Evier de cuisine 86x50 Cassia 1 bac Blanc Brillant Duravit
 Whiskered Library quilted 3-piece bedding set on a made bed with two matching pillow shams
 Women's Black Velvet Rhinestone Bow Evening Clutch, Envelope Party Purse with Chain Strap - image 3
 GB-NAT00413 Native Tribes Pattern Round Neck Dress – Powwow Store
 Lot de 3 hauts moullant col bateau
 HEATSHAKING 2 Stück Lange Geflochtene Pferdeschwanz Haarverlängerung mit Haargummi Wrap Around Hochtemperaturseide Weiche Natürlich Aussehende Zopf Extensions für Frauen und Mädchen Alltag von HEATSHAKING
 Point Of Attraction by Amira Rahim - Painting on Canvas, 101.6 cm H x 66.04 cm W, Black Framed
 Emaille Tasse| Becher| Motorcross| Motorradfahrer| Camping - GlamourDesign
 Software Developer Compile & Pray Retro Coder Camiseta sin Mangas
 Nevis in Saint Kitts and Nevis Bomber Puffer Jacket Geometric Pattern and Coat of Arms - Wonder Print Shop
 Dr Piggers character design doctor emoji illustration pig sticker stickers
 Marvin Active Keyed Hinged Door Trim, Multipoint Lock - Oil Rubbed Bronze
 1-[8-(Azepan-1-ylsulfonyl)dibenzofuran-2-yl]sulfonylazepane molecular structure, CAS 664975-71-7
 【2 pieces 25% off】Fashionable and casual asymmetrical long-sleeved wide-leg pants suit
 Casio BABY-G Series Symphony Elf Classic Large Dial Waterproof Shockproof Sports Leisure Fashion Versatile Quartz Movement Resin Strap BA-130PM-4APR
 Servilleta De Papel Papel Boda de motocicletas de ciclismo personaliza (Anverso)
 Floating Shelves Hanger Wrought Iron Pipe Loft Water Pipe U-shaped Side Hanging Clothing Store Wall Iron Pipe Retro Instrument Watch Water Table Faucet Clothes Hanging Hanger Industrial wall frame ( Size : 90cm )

**REQUIREMENT:** Send back exactly the lines from the line with "GB-NAT00413 Native Tribes" through the end of the records.

**RESULT OF THE TASK:**
 GB-NAT00413 Native Tribes Pattern Round Neck Dress – Powwow Store
 Lot de 3 hauts moullant col bateau
 HEATSHAKING 2 Stück Lange Geflochtene Pferdeschwanz Haarverlängerung mit Haargummi Wrap Around Hochtemperaturseide Weiche Natürlich Aussehende Zopf Extensions für Frauen und Mädchen Alltag von HEATSHAKING
 Point Of Attraction by Amira Rahim - Painting on Canvas, 101.6 cm H x 66.04 cm W, Black Framed
 Emaille Tasse| Becher| Motorcross| Motorradfahrer| Camping - GlamourDesign
 Software Developer Compile & Pray Retro Coder Camiseta sin Mangas
 Nevis in Saint Kitts and Nevis Bomber Puffer Jacket Geometric Pattern and Coat of Arms - Wonder Print Shop
 Dr Piggers character design doctor emoji illustration pig sticker stickers
 Marvin Active Keyed Hinged Door Trim, Multipoint Lock - Oil Rubbed Bronze
 1-[8-(Azepan-1-ylsulfonyl)dibenzofuran-2-yl]sulfonylazepane molecular structure, CAS 664975-71-7
 【2 pieces 25% off】Fashionable and casual asymmetrical long-sleeved wide-leg pants suit
 Casio BABY-G Series Symphony Elf Classic Large Dial Waterproof Shockproof Sports Leisure Fashion Versatile Quartz Movement Resin Strap BA-130PM-4APR
 Servilleta De Papel Papel Boda de motocicletas de ciclismo personaliza (Anverso)
 Floating Shelves Hanger Wrought Iron Pipe Loft Water Pipe U-shaped Side Hanging Clothing Store Wall Iron Pipe Retro Instrument Watch Water Table Faucet Clothes Hanging Hanger Industrial wall frame ( Size : 90cm )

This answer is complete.